Provided data section start
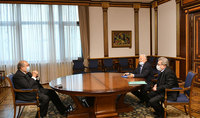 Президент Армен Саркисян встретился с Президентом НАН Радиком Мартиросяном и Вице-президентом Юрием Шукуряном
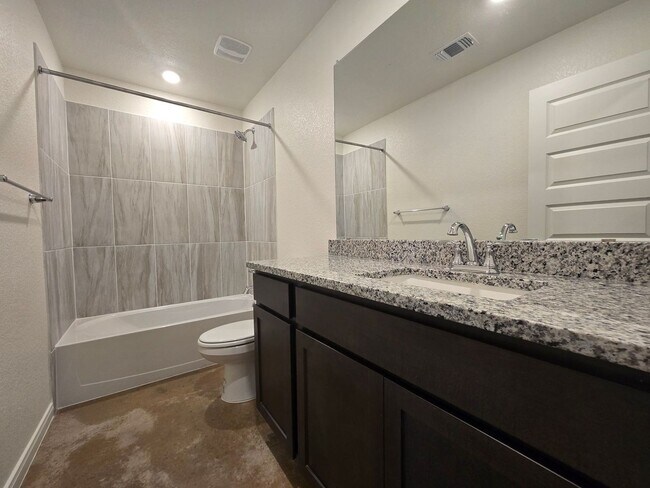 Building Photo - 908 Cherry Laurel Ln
Provided data section end
Provided data section start
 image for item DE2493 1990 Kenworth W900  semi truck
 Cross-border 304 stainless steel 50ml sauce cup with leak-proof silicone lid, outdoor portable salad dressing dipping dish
Provided data section end
Provided data section start
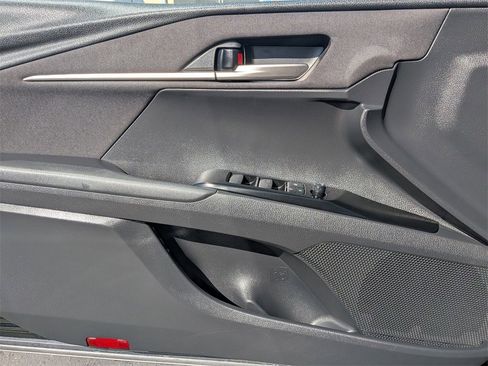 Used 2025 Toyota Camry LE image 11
Provided data section end
Above are entries with pictures among them. Write out exactly the lines from the one containing "Президент Армен Саркисян" through the one containing "Building Photo - 908 Cherry Laurel Ln", ends included, and leave those pictures out.

 Президент Армен Саркисян встретился с Президентом НАН Радиком Мартиросяном и Вице-президентом Юрием Шукуряном
 Building Photo - 908 Cherry Laurel Ln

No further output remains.